The first seven Ecumenical Councils, from the First Council of Nicaea (325 A.D. ) to the Second Council of Nicaea (787 A.D. ), represent an attempt to reach an orthodox consensus and to establish a unified Christendom.

The first scholar to study this time period as a whole was Philip Schaff, who wrote The Seven Ecumenical Councils of the Undivided Church, first published after his death in 1901. The topic is of particular interest to proponents of paleo-orthodoxy, who seek to recover the church as it was before the schisms.

=== Schools of Alexandria and Antioch ===
As early as the third century, Christian hermeneutics began to split into two primary schools: the Alexandrian and the Antiochene.

The Alexandrian biblical interpretations stressed allegorical readings, often at the expense of the texts' literal meaning. Origen and Clement of Alexandria were two major scholars in this school.

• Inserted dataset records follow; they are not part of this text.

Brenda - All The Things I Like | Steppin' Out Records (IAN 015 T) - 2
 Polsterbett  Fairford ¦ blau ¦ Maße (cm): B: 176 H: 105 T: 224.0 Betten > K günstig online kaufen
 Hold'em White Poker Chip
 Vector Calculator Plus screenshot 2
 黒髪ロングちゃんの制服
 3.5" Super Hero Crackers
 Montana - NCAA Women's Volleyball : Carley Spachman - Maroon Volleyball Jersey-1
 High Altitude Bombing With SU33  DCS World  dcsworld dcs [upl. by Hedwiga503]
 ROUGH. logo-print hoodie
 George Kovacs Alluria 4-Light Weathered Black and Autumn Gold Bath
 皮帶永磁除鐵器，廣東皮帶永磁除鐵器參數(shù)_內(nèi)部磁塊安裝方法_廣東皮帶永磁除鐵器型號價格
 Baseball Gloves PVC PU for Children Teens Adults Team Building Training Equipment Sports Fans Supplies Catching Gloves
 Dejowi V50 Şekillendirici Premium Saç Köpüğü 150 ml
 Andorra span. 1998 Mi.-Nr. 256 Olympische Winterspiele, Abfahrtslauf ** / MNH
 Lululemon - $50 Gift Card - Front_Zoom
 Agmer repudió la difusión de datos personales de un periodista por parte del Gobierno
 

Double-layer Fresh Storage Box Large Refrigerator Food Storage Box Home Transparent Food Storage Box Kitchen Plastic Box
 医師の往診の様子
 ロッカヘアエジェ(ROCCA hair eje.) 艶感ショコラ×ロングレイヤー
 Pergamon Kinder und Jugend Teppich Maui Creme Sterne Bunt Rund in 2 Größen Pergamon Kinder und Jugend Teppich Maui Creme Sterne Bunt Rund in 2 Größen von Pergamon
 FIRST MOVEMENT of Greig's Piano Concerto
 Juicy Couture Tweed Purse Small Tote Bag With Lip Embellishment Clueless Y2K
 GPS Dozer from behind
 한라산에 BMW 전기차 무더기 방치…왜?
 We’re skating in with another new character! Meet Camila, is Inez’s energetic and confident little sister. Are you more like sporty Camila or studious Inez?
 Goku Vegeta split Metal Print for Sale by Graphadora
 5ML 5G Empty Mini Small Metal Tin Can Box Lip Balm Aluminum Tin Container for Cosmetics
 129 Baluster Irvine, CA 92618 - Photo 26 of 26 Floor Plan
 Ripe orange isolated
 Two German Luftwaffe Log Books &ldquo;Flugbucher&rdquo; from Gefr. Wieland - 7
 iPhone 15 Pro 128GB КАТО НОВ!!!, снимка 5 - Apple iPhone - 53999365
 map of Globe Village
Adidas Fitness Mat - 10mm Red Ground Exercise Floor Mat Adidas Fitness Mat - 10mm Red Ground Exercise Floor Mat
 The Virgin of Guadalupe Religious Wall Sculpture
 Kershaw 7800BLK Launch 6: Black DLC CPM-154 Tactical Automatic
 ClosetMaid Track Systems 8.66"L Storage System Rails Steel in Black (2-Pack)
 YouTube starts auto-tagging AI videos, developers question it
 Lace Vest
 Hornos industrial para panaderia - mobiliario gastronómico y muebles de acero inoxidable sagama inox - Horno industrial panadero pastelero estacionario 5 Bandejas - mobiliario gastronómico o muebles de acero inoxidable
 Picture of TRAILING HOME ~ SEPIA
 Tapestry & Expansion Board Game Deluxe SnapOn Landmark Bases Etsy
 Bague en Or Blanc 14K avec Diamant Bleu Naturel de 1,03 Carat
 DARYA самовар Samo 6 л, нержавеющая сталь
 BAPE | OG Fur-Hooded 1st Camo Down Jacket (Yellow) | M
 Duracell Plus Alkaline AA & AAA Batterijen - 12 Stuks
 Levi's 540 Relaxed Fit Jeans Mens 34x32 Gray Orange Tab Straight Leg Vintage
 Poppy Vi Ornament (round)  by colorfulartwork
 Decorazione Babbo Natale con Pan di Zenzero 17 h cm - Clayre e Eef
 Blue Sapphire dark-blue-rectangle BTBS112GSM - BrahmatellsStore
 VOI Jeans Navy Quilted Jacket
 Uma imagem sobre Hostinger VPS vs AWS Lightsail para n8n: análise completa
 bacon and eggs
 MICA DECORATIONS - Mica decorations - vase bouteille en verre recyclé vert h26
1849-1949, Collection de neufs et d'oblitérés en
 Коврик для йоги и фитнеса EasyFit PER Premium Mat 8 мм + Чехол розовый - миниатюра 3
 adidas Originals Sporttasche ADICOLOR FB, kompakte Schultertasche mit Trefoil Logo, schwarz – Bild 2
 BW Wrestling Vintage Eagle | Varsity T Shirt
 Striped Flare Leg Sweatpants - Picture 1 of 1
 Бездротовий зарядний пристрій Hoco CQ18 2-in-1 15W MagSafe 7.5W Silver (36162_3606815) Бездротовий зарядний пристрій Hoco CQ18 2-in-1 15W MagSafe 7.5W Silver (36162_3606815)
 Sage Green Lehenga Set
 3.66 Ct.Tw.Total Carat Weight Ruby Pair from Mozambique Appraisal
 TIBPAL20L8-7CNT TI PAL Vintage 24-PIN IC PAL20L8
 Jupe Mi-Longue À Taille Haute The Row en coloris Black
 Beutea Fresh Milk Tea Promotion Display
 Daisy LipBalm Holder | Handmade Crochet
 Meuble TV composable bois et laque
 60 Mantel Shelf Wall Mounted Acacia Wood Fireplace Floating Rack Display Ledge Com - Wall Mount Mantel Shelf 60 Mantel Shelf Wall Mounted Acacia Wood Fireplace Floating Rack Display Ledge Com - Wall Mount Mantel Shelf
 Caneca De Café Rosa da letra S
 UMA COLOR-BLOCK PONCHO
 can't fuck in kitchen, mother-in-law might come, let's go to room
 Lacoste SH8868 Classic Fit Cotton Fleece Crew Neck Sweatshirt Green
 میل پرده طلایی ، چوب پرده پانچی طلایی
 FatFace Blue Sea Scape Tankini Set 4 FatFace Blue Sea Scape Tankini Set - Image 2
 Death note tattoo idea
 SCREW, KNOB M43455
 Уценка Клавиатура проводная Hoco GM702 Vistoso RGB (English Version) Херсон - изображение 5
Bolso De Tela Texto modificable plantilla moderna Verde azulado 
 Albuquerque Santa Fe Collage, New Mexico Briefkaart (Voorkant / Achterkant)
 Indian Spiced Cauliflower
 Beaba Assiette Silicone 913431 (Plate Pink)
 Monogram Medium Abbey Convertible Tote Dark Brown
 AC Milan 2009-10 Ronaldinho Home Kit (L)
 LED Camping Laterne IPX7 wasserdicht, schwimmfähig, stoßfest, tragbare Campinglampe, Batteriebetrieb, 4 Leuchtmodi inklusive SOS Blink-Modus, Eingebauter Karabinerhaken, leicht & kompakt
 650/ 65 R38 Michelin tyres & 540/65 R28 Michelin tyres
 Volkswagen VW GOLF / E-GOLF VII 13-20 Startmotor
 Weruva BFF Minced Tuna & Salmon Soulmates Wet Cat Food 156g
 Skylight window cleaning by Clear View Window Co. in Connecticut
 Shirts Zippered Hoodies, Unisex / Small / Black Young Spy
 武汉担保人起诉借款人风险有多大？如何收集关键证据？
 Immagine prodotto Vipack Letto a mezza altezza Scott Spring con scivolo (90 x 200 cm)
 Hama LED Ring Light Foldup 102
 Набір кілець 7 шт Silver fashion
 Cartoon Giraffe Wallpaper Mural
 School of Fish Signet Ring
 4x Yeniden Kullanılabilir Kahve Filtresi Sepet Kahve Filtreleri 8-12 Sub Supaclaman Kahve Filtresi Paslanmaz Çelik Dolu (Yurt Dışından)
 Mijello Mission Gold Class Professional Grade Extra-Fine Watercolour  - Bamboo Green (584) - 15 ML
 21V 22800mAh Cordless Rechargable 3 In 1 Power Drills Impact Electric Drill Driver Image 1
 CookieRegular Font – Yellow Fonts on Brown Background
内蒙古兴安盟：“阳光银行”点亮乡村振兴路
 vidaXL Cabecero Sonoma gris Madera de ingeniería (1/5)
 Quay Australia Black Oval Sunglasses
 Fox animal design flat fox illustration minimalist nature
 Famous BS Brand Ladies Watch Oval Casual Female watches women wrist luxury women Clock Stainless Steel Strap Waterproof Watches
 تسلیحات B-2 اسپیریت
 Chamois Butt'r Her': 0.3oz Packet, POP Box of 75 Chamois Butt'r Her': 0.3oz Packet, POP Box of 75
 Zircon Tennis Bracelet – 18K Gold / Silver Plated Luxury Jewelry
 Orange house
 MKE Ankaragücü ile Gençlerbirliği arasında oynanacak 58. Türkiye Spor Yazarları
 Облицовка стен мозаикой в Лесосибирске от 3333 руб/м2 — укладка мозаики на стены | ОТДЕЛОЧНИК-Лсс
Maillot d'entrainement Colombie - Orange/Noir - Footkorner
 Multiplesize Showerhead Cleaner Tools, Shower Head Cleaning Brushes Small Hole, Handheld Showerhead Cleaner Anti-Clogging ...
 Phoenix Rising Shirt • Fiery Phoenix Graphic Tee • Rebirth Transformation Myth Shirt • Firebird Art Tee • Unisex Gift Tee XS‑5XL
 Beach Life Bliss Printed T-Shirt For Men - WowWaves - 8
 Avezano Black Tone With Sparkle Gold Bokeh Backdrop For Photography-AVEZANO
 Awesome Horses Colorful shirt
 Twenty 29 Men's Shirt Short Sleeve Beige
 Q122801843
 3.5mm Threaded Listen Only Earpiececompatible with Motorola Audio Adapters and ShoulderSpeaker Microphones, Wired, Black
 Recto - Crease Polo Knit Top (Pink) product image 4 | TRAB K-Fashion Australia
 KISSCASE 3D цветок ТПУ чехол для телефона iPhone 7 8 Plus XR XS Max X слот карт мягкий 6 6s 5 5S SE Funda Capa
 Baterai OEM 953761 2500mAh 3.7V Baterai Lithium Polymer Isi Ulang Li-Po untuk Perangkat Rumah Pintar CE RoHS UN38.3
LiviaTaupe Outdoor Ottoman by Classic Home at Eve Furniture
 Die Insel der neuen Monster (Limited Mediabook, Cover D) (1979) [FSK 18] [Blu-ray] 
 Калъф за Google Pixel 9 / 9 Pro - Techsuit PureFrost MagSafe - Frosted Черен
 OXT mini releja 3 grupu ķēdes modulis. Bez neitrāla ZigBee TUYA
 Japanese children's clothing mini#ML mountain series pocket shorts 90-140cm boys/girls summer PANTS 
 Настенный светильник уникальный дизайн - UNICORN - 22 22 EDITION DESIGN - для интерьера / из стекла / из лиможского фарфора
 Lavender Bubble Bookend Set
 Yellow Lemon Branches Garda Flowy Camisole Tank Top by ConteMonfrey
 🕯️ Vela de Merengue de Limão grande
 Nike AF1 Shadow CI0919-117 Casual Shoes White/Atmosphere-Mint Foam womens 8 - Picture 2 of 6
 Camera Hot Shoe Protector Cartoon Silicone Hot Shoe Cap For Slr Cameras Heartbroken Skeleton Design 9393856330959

The Antiochene school stressed the literal and historical meaning of texts. Theodore of Mopsuestia and Diodore of Tarsus were the primary figures in this school.

== Medieval period ==
Medieval Christian biblical interpretations of text incorporated exegesis into a fourfold mode which emphasized the distinction between the letter and the spirit of the text. This schema was based on the various ways of interpreting text that were utilized by the patristic writers.
- The literal sense (sensus historicus) of scripture denotes what the text states or reports directly.
- The allegorical sense (sensus allegoricus) explains text in the light of the doctrinal content of church dogma, so that each literal element has a symbolic meaning (see also Typology (theology)).
- The moral application of a text to the individual reader or hearer is the third sense (the sensus tropologicus or sensus moralis).
- The fourth sense (sensus anagogicus) draws out of the text the implicit allusions it contains to secret metaphysical and eschatological knowledge, called gnosis.
Biblical hermeneutics in the Middle Ages witnessed the proliferation of nonliteral interpretations of the Bible. Christian commentators could read Old Testament narratives simultaneously:
- as prefigurations of analogous New Testament episodes,
- as symbolic lessons about church institutions and current teachings,
- and as personally applicable allegories of the Spirit.
In each case, the meaning of the narrative was constrained by imputing a particular intention to the Bible, such as teaching morality. But these interpretive bases were posited by the religious tradition rather than suggested by a preliminary reading of the text.

A similar fourfold mode is found in rabbinic writings. The four categories are:
- Peshat (simple interpretation)
- Remez (allusion)
- Derash (interpretive)
- Sod (secret or mystical)
It is uncertain whether the rabbinic categories of interpretation predate those of the patristic version. The medieval period saw the growth of many new categories of rabbinic interpretation and of exegesis of the Torah. Among these were the emergence of Kabbalah and the writings of Maimonides.

The hermeneutical terminology used here is in part arbitrary. For almost all three interpretations which go beyond the literal explanations are in a general sense "allegorical". The practical application of these three aspects of spiritual interpretation varied considerably. Most of the time, the fourfold sense of the Scriptures was used only partially, dependent upon the content of the text and the idea of the exegete.... We can easily notice that the basic structure is in fact a twofold sense of the Scriptures, that is, the distinction between the sensus literalis and the sensus spiritualis or mysticus, and that the number four was derived from a restrictive systematization of the numerous possibilities which existed for the sensus spiritualis into three interpretive dimensions.

The customary medieval exegetical technique commented on the text in glossae or annotations that were written between the lines or at the side of the text (which was left with wide margins for this purpose). The text might be further commented on in scholia, which are long, exegetical passages, often on a separate page.